Required work — Write out exactly, with both ends included, the lines that run from the line containing "Video of a shirtless" to the end of the entries. Pictures are not part of the answer.

Dataset content below:

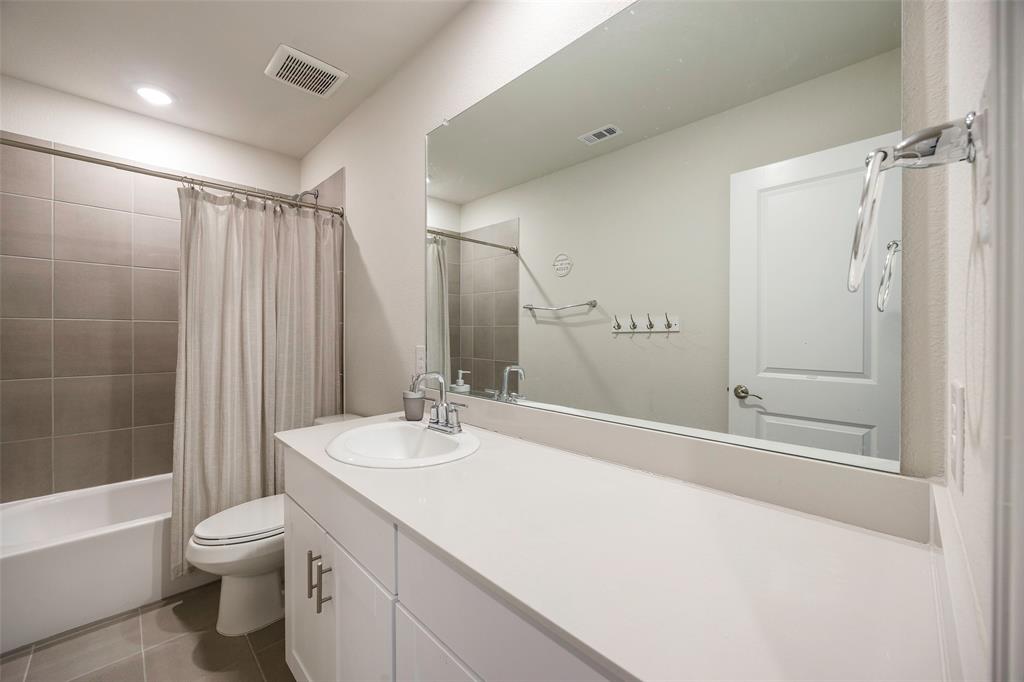 307 Quarry Street Melissa, TX 75454 - Photo 22 of 25 a bathroom with a granite countertop sink toilet and shower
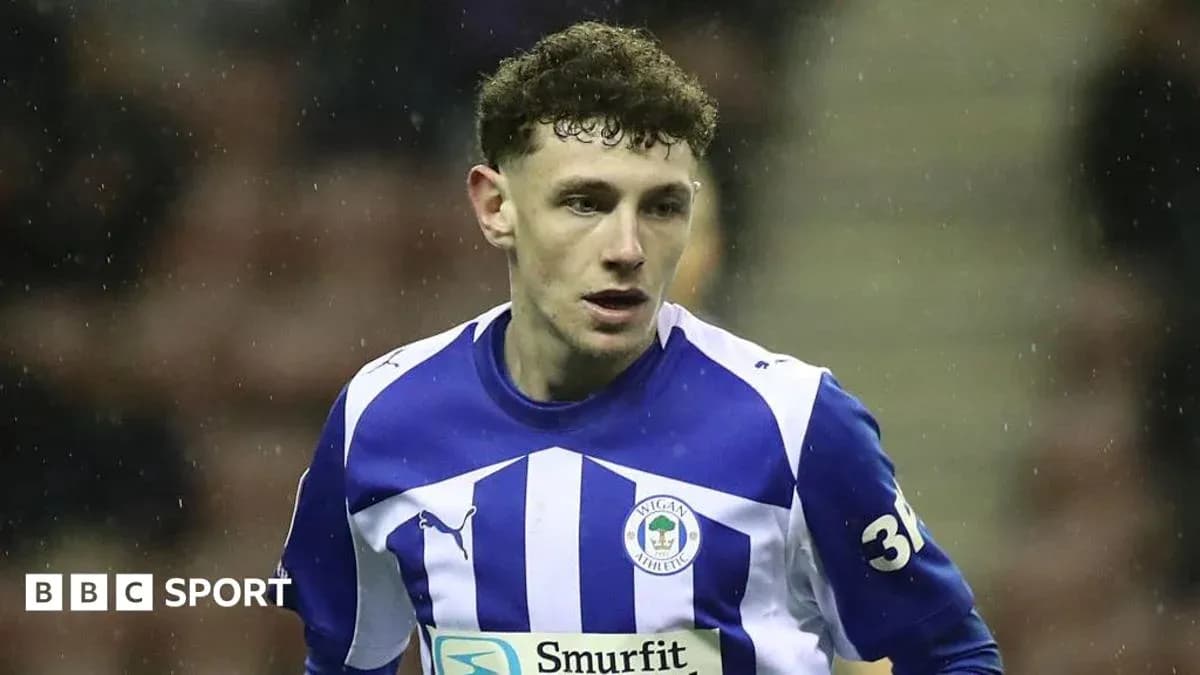 Player in Wigan Athletic kit during match action Player in Wigan Athletic kit during match action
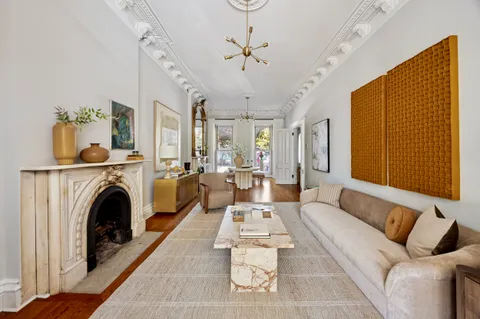 a living room with furniture a fireplace and a chandelier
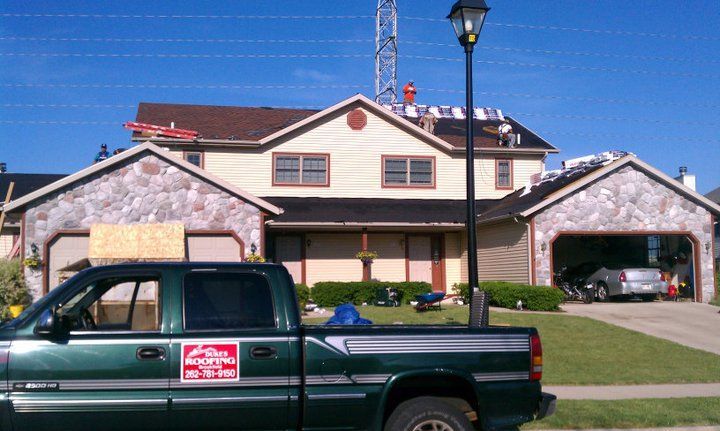 A green truck is parked in front of a house under construction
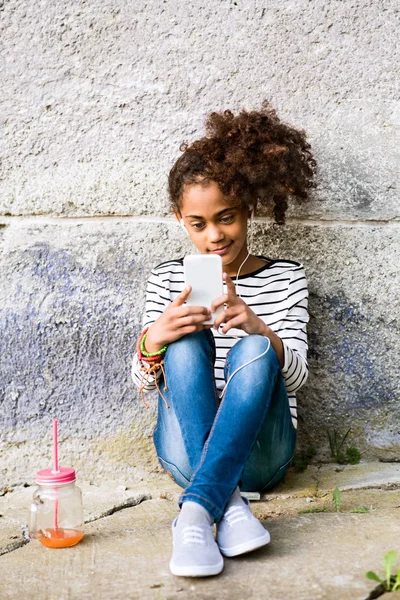 Красивая африканская американская девушка со смартфоном и напитками . — стоковое фото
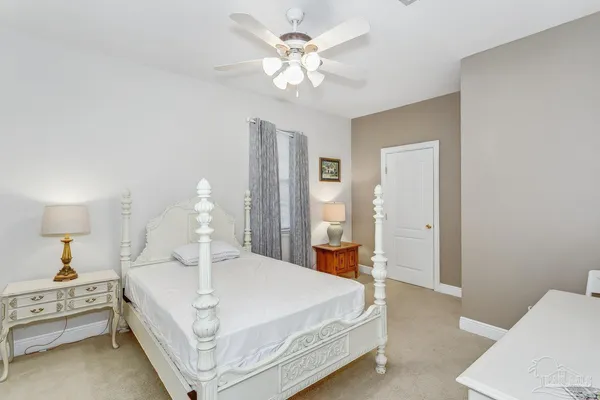 a bed room with a bed and a chandelier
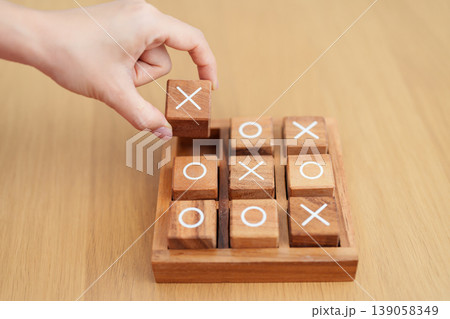 Hand holding and playing wooden block of tic tac toe game. A completed game of noughts and crosses or Xs and Os game. Challenge, Competition, winning, tactic, strategy and recreation concepts Hand holding and playing wooden block of tic tac toe game. A completed game of noughts and crosses or Xs and Os game. Challenge, Competition, winning, tactic, strategy and recreation concepts 139058349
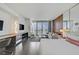 Bright and airy main bedroom with hardwood floors, balcony access and city views at 4381 W Flamingo Rd # 27308, Las Vegas, NV 89103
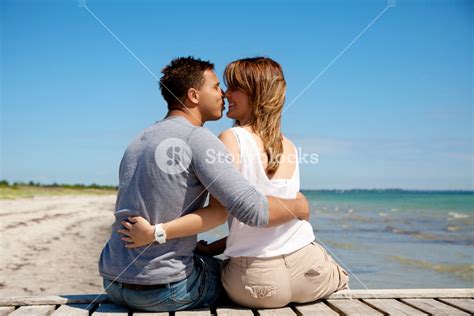 Couple Kissing On A Beach And Enjoying Their Honeymoon Royalty Free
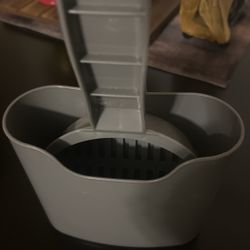 Two cat scoopers, one sweeper, two litter filters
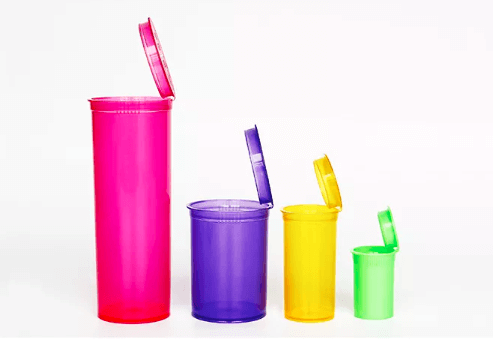 Variety of GLS Pop Top Dram Containers in vibrant colors: pink, purple, yellow, and green, showcasing convenience and child-resistance.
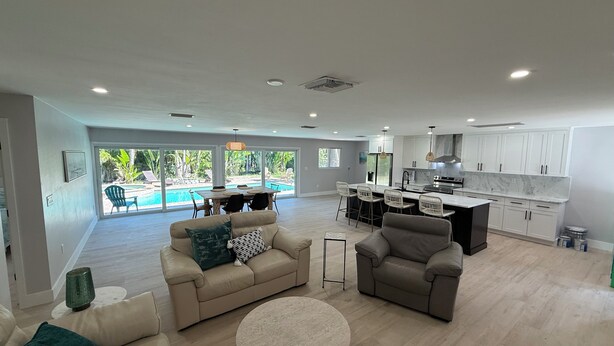 Ampla sala de estar com vista para a piscina, cozinha com armários brancos e espaço de jantar com mesa e cadeiras.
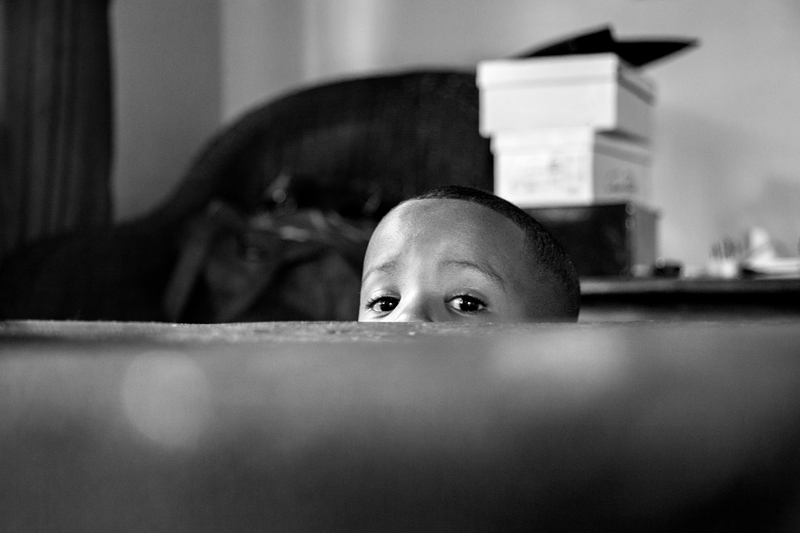 Black and white photograph, peeking child at Valverde Eco Hotel.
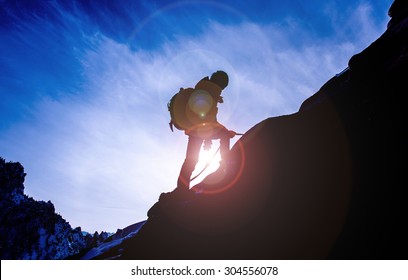 Silhouette of mountaineer and sunset. - Shutterstock ID 304556078
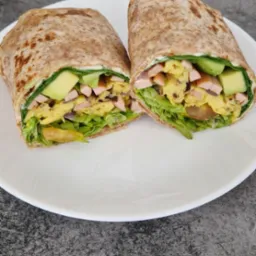 Przekrojony wrap z pełnoziarnistej tortilli z sałatą, jajecznicą, awokado i szynką, ułożony na białym talerzu na szarym tle.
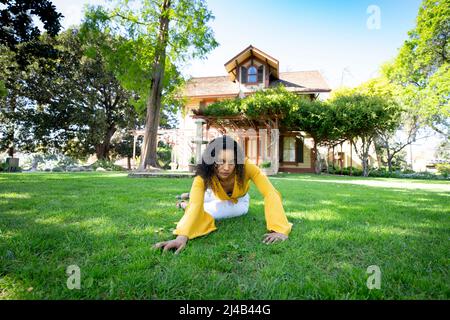 Portrait of a Vibrant Young Black Woman in Front of an Old Victorian House Stock Photo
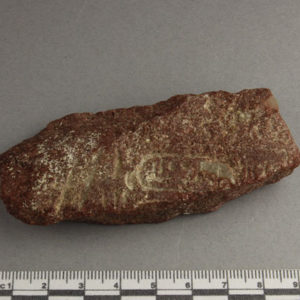 Ancient Egyptian inscribed red quartzite fragment from Amarna dated 1550 – 1295 BC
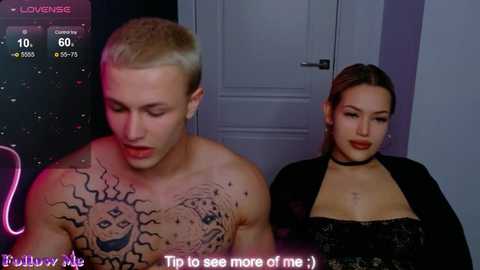 Video of a shirtless man with a sun tattoo and a woman with a choker, both indoors. The man looks down, and the woman smiles. Text reads, \"To see more of me!\
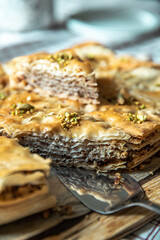 Homemade pistachio baklava triangles on wooden board.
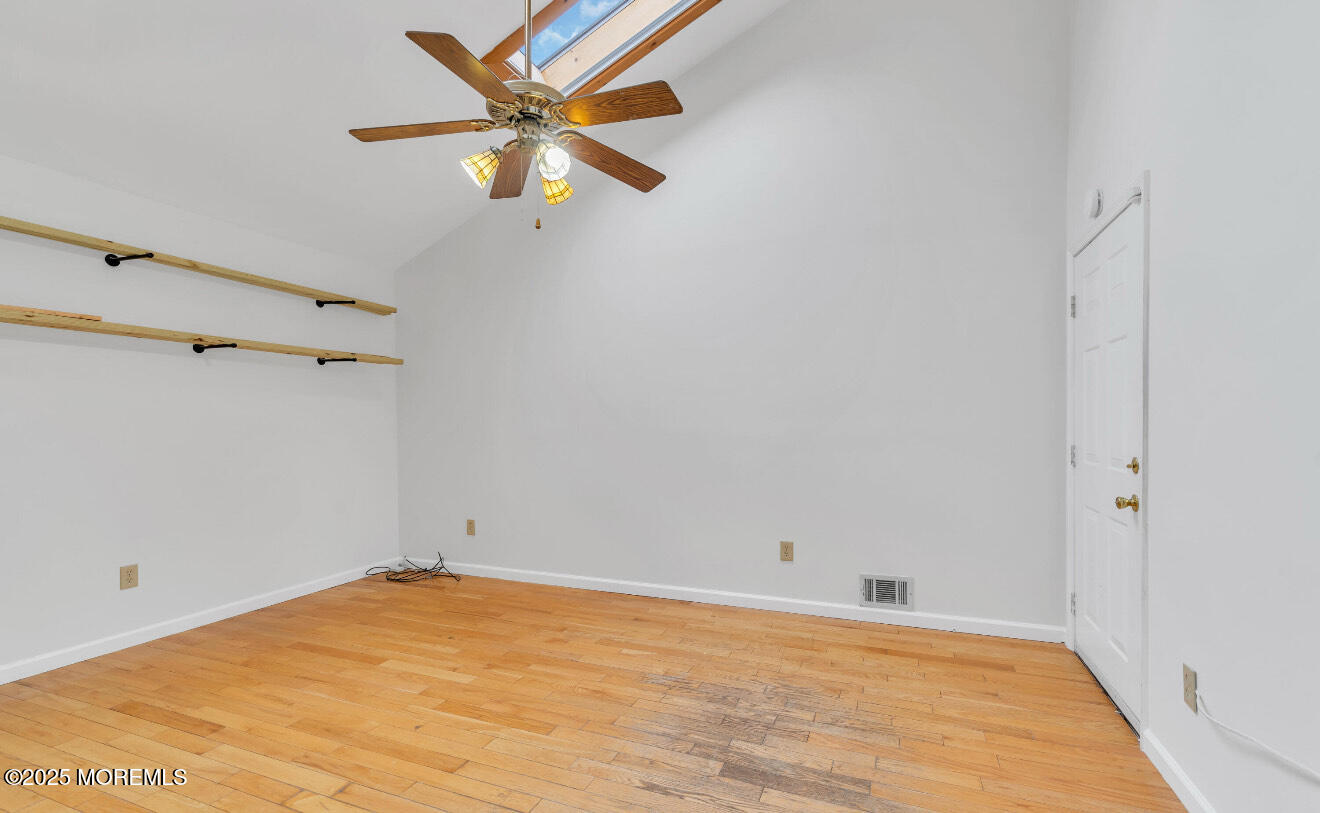 115 Leesville Road Jackson, NJ 08527 - Photo 6 of 15 a view of a big room with wooden floor and a ceiling fan
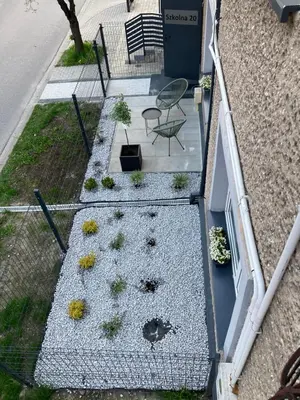 an overhead view of a patio with plants on a building at Apartament loft Krzeszowice centrum in Krzeszowice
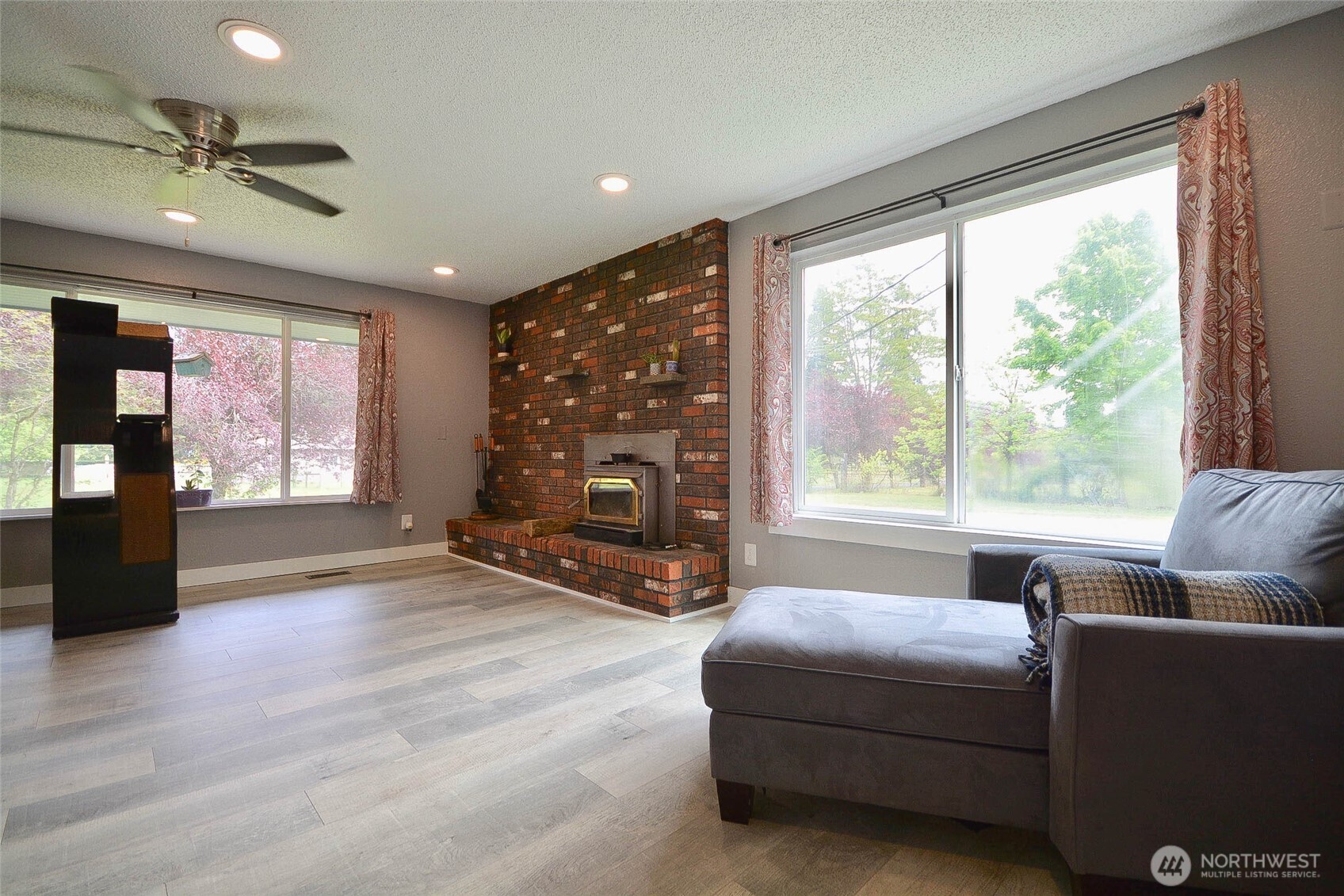 20005 Carper Road Southwest Rochester, WA 98579 - Photo 25 of 35 a living room with furniture and a fireplace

End of Dataset content.

Solution to this exercise —
 Video of a shirtless man with a sun tattoo and a woman with a choker, both indoors. The man looks down, and the woman smiles. Text reads, \"To see more of me!\
 Homemade pistachio baklava triangles on wooden board.
 115 Leesville Road Jackson, NJ 08527 - Photo 6 of 15 a view of a big room with wooden floor and a ceiling fan
 an overhead view of a patio with plants on a building at Apartament loft Krzeszowice centrum in Krzeszowice
 20005 Carper Road Southwest Rochester, WA 98579 - Photo 25 of 35 a living room with furniture and a fireplace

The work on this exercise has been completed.